- [TASK PROMPT]: Pictures aside, please retype the whole listing word for word.
══ GIVEN INFORMATION
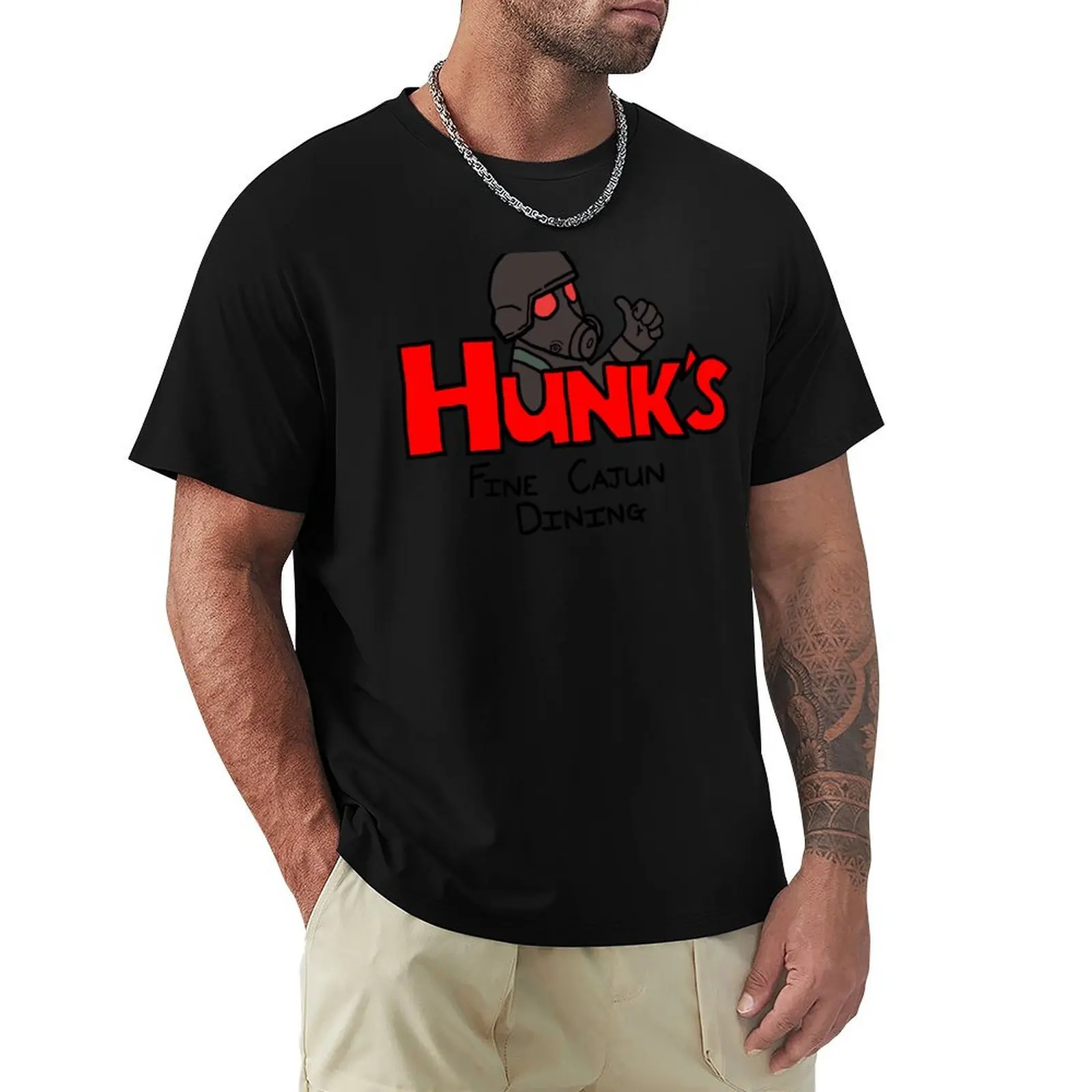 HUNK's Fine Cajun Dining T-Shirt UV Sun Protection Tee Shirt
HUNK's Fine Cajun Dining T-Shirt UV Sun Protection Tee Shirt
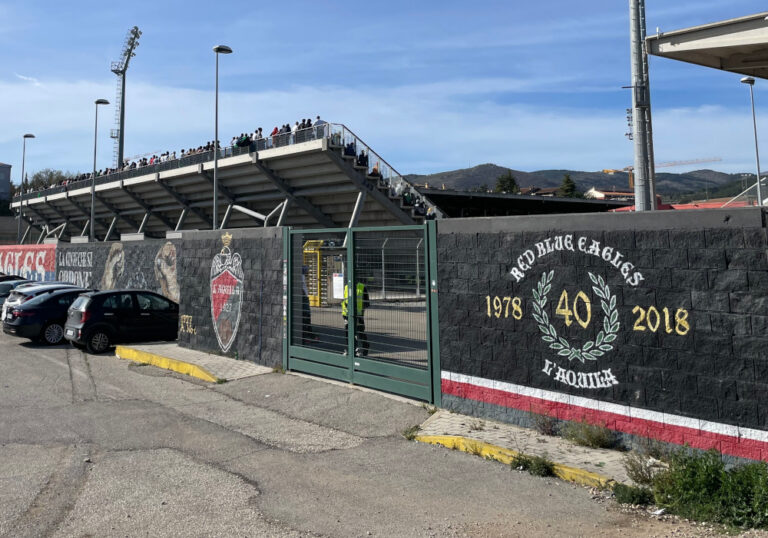 Auseinandersetzungen vor Serie D Spitzenspiel zwischen L‘ Aquila 1927 und SS Sambenedettese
════
- [RESULT OF THIS TASK]:
 HUNK's Fine Cajun Dining T-Shirt UV Sun Protection Tee Shirt
HUNK's Fine Cajun Dining T-Shirt UV Sun Protection Tee Shirt
 Auseinandersetzungen vor Serie D Spitzenspiel zwischen L‘ Aquila 1927 und SS Sambenedettese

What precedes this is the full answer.